= Yuki Chizui =

Japanese sushi chef and restaurant manager

Yoshiaki "Yuki" Chizui is a Japanese sushi chef. She is the founder manager of the restaurant “Nadeshico Sushi” in Akihabara, Tokyo, the first sushi restaurant with an all-female staff. Since the second half of the year 2022 the webpage states that the restaurant is no longer operating in Akihabara but "irregularly" at "another location" (as of June 2026).

==Early life==
She studied art while working part-time at a sushi restaurant located in Tsukiji fish market. When she finished her studies at university and after struggling to find work in the art world, she decided to set up her own restaurant, challenging sexism in Japan. Women traditionally cannot be sushi chefs and only work in informal restaurants, as high-end restaurants are dominated by men. For one of the sons of sushi Michelin chef Jiro Ono, one of the reasons women are not allowed to be “itamae” in restaurants is because they menstruate. Another belief shared in Japanese culture is that women's hands are warmer, which makes them sticky when shaping rice.

==Career==
In 2010, Nadeshico Sushi opened in a corner of Tokyo's Akihabara district, where Chizui is the manager and vice president and where she and her colleagues are challenging the traditionalism of the sushi world. Nadeshiko Sushi is the only sushi restaurant in the world where all the chefs are women, as the industry is predominantly male-dominated.

In her restaurant, she does not wear the typical white uniform, but rather colorful kimonos or yukatas with accessories, and her staff wear makeup, moving away from the typical, classic image of a chef. According to her, they participate in the kawaii movement that society associates with femininity.

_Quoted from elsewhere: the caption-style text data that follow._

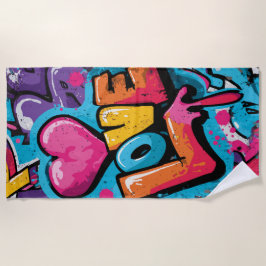 Liebes-Graffiti-Herz-Pop-Art-Illustration Strandtuch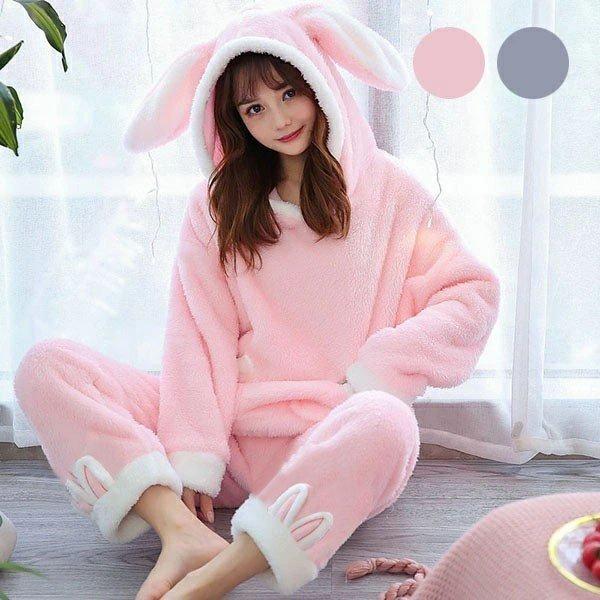 パジャマ レディース ポケット付き 春秋冬 長袖 部屋着 寝巻き かわいい 着もこもこ ルームウェア 上下セット うさ耳付きフード フェイクファー At Alita 通販 Yahoo ショッピング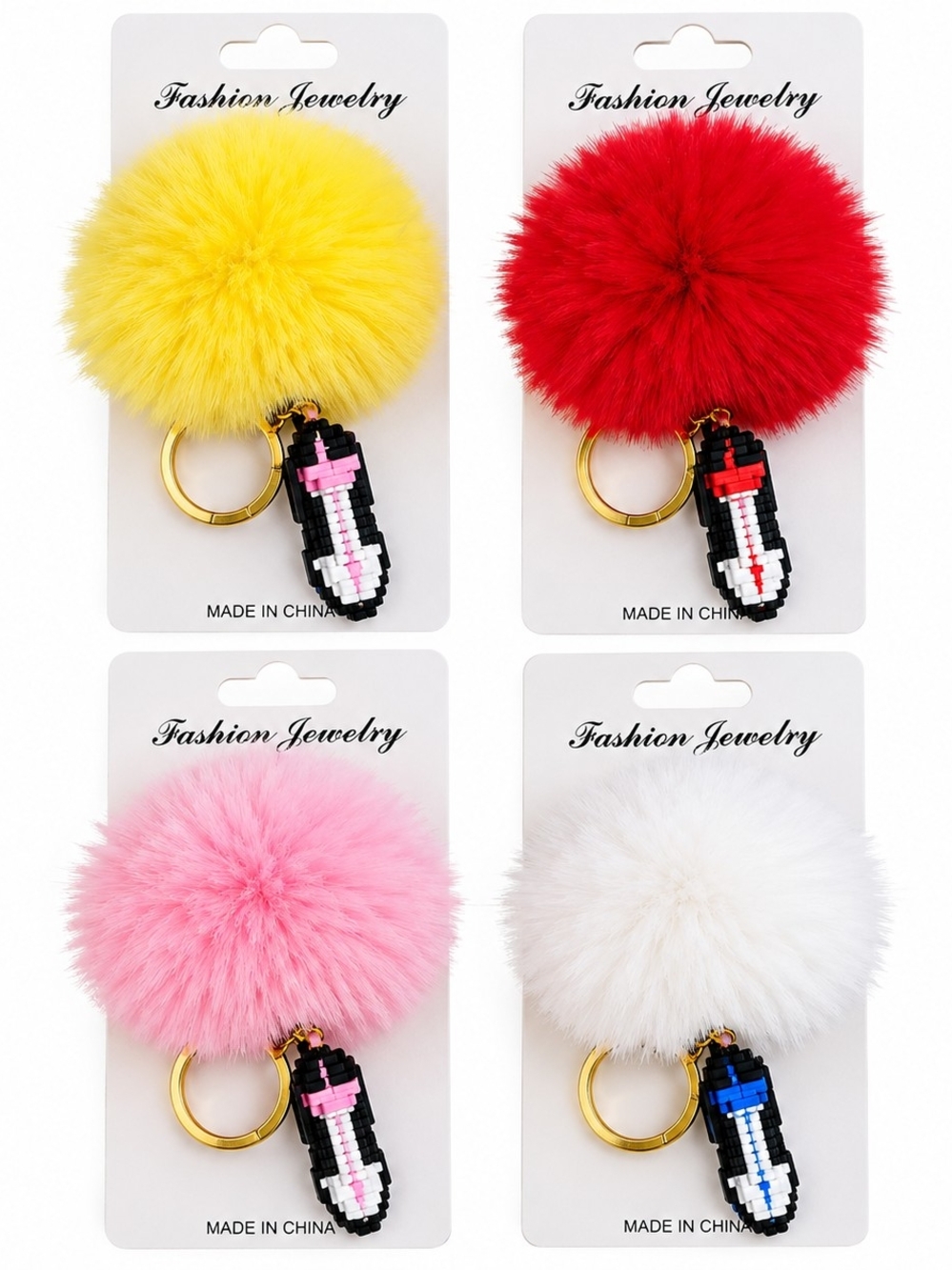 Fluffy Pom Pom Sneaker Keychain Purse Charm – Multiple Colors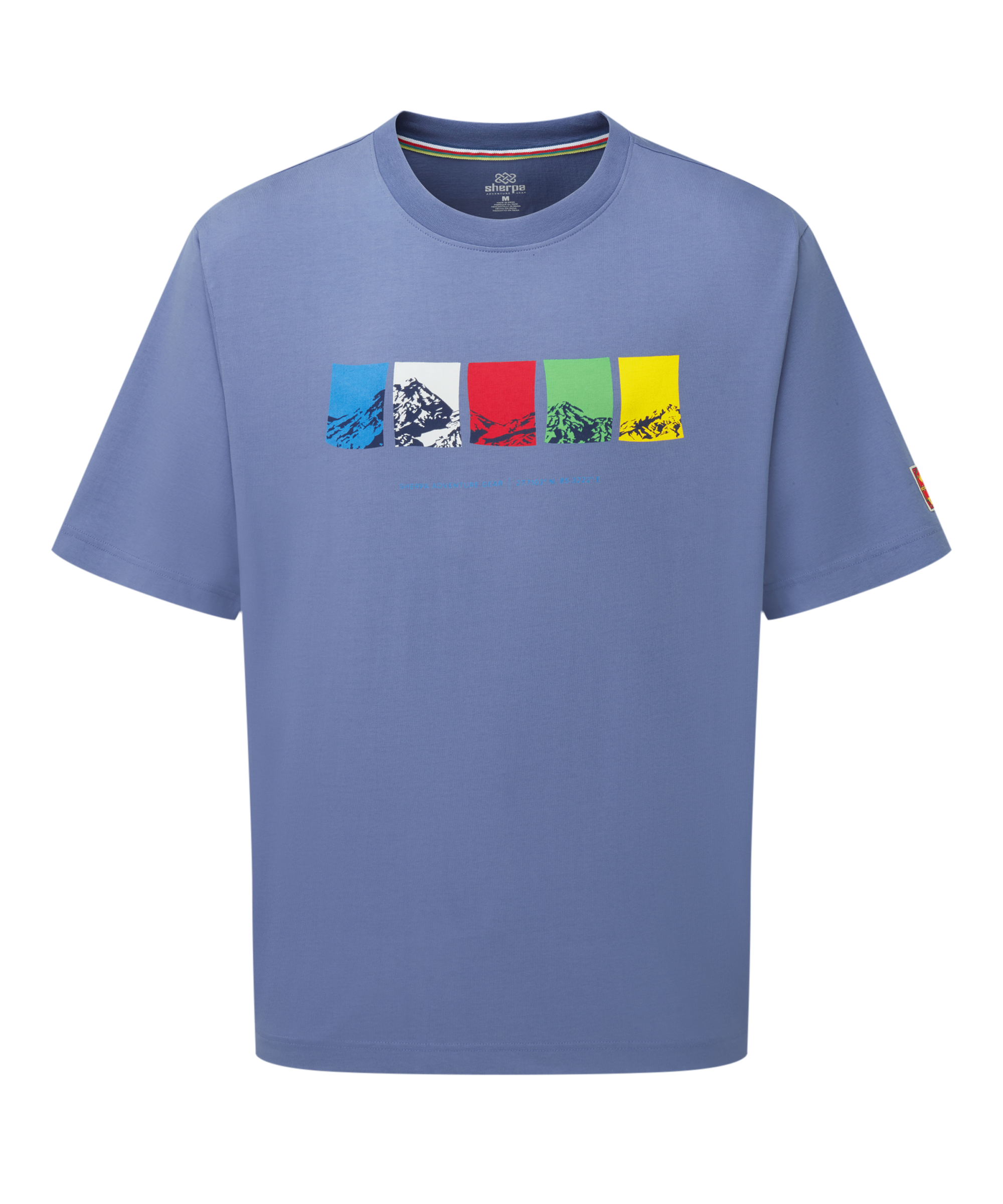 Tarcho Mountain T-Shirt in vintage blue with colorful mountain graphic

Chizui is also working to train more women to follow in her footsteps, hiring female chefs and opened a school to give women the opportunity to learn how to make sushi. As a restaurant owner, she also tries to do business with other female suppliers. In fact, when she first started going to the Tsukiji market to buy fish, she had to put up with distasteful comments from the other chefs. According to the BBC, Chizui had to turn to the owner of a boat crewed by women from Yamaguchi Prefecture to supply her with fish every week.